# The most watched TV show in the U.S. ever



## antonkan (Feb 9, 2010)

According to a news source, the *Super Bowl* coverage was the most watched TV show in the United States television history, which was watched by more than 106 million people. The second most watched American TV show was the 1983 finale of M*A*S*H. (If you don't know about Super Bowl, it's one of the biggest American football events.)

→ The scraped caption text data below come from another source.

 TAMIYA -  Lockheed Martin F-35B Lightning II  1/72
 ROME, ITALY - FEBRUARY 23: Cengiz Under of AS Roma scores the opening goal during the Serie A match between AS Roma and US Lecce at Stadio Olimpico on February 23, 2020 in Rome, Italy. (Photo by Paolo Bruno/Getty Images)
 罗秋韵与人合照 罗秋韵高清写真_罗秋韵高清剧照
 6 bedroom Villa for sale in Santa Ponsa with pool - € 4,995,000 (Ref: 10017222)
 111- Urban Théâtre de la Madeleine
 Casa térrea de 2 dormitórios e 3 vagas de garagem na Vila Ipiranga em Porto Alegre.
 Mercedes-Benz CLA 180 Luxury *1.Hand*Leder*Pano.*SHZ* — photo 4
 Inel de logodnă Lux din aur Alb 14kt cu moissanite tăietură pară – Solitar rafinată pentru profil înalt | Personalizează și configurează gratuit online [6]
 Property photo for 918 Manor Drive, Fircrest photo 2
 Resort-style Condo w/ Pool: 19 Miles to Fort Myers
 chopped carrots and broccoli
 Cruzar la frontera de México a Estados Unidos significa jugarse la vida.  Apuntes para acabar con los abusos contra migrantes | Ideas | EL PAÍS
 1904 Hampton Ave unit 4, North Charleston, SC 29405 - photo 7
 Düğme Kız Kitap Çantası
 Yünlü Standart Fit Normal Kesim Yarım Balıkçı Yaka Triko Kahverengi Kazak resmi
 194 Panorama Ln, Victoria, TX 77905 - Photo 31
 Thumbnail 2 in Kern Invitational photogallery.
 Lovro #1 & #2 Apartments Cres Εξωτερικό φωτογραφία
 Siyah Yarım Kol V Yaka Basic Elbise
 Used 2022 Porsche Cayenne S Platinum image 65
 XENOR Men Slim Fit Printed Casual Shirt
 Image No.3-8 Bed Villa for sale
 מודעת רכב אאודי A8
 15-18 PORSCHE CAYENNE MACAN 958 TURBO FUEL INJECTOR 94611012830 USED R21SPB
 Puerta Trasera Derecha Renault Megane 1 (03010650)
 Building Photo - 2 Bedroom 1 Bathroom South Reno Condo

So what do you think about this news? I saw a headline about it from CBC News. This is probably my first topic on the BMTM section.


----------



## DeMoN (Feb 9, 2010)

M*A*S*H still holds the record for highest percentage of viewers, and I don't think that will ever be beaten because of all the broadcasting competition now.


----------



## Jakob95 (Feb 15, 2010)

Antankon what happened to you?  You never post anymore.


----------



## silent sniper (Feb 15, 2010)

thats not even news.


----------



## Overlord Nadrian (Feb 15, 2010)

jakob95 said:
			
		

> Antankon what happened to you?  You never post anymore.
> This.
> 
> QUOTE(silent sniper @ Feb 15 2010, 03:10 AM) thats not even news.


And this.


----------



## spotanjo3 (Feb 15, 2010)

I am not fan of television so I dont care. I am fan of movies and video games, thats all. The telvision is full of craps and idiots, indeed.


----------



## Guild McCommunist (Feb 15, 2010)

Does this take in account viewers to population ratio? America is definitely more populated now then it was when MASH finished in 1983. It's like how Avatar greatly surpassed any film in box office sales, but I don't know if it did in proportion to inflation, population, etc.


----------